Sign up to our Politics newsletter

“Uncertainty is arguably the thing markets hate the most,” said David Thomson, chief investment officer at Glasgow-based VWM Wealth Management. “This will cause investors and companies to put their investment plans on hold, with many, including ourselves, reducing their UK exposure.”

The first response to the announcement was seen in currency markets, where Sterling hit a nine-year low. It may well fall even further, said Thomson.

“This will benefit exporters and simultaneously create a headwind for importers, so we are likely to see some short- term repositioning of portfolios possibly out of domestic companies and into the multinationals.”

While there remains a narrow consensus that the UK would vote to remain in the EU, the prospect of a close vote has concentrated minds on what would happen if it decides to leave.

“If polls are showing a clear out vote I would anticipate weakness at that point whilst investors work out the exact implications,” said Simon Lloyd, chief investment officer at Murray Asset Management in Edinburgh. “If there is no clarity I think we will get more volatility as the date approaches as the market dislikes uncertainty and will start reacting to daily prognostications from the pollsters.”

An exit vote would cause a “self-induced financial crisis”, according to Adam Posen, president of the Peterson Institute for International Economics and a former member of the Bank of England monetary policy committee.

“At a minimum you would expect this to induce a lot of uncertainty and financial volatility ahead of the Brexit. And if it occurred, you’d probably see very high interest rates, a fall in the currency, a lot of inflation, and a recession,” he said.

“And whatever you think the benefits of a Brexit are going to be, the costs of that recession are going to way outweigh them.”

The possibility of such negative consequences explains why a number of UK-based multinational companies have expressed concerns over the referendum, said Lloyd. “In particular, the apparent lack of willingness on the part of the US to countenance a separate trade agreement with the UK is an unwelcome development for the many UK companies selling goods on the other side of the Atlantic,” he said.

The timing of the referendum is particularly unhelpful, Lloyd added, not only for stock markets but also for the European economic recovery.

Thomson agreed, pointing to the two years of trade agreement negotiations that would follow a vote to leave.

“As most UK investors hold the bulk in their domestic market there could be a big knock-on negative impact on pensions and other investments,” he said.

So how will investors be affected, and how should they respond? An EU exit would hit certain investment sectors particularly hard. Financial services is the most obvious example, with firms likely to lose their ability to “passport” into other countries in the EU.

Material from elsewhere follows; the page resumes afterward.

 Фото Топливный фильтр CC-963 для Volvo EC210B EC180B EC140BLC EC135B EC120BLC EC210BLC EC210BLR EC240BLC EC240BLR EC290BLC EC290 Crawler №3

“This could weaken the whole industry and put further pressure on pensions,” said Thomson. “Manufacturing might also suffer the same type of headwind, while foreign investment into the UK would fall as we would no longer be an English-speaking gateway to Europe.”

The key for pension investors especially is to maintain a long-term perspective and minimise risk by ensuring their portfolios are diversified across different asset classes. These days that involves having global exposure and not just investing in UK firms.

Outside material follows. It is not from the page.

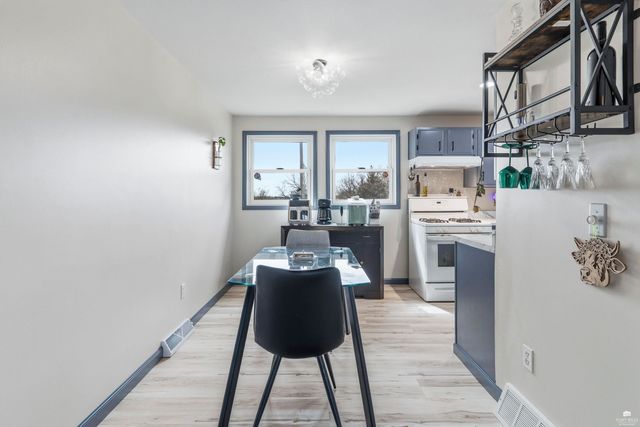 2009 W 17th Street, Junction City, KS 66441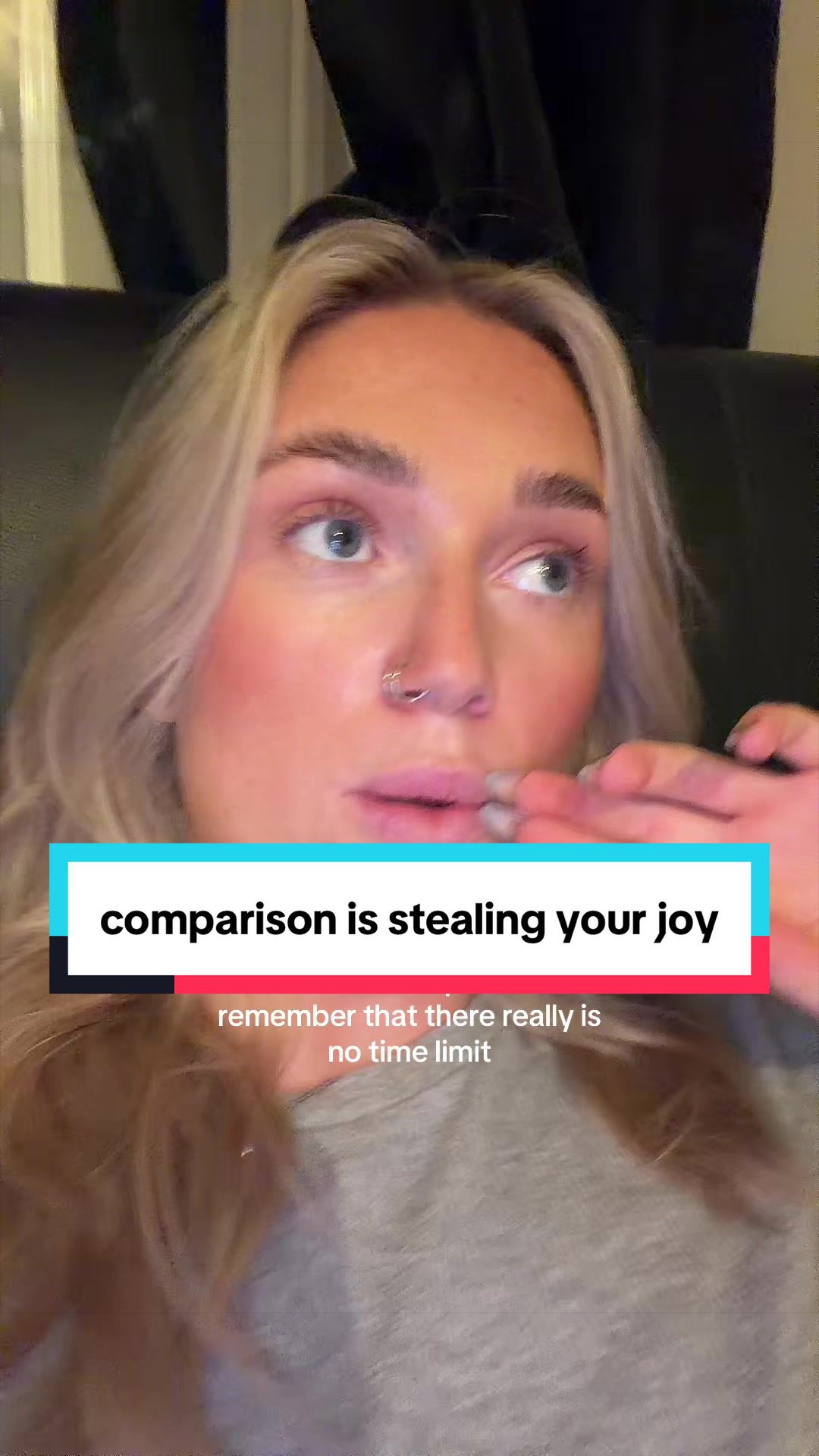 @Charlotte Jane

“In the UK I would currently be wary of importers (such as motor distributors), retailers who source from abroad, travel firms and airlines and – if Brexit looks increasingly likely – the larger fund management groups and insurers,” Thomson said.

Lloyd is less concerned, pointing out that the underlying drivers of stock market performance tend to be more global than local.

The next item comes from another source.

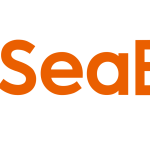 Cara Buka Deposito di SeaBank: Duit Ngendap, Bunga Tetap Jalan! - Tuwaga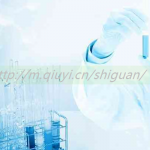 51岁大龄女性能通过三代试管婴儿借卵生宝宝吗 51岁大龄女性能通过三代试管婴儿借卵生宝宝吗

“During the months leading up the referendum, the immediate impact is likely to be in currency rather than longer term trading factors,” he said. “I would suspect the market would be relatively sanguine if the polls are showing a likely vote to remain.”

The referendum was announced at a time when investors in Scotland’s capital are increasingly cautious. Just 16 per cent of Edinburgh-based respondents to a survey on behalf of brokers Willis Owen said they would take “either reasonable or substantial financial risk” to get a decent return, down from 21 per cent a year ago.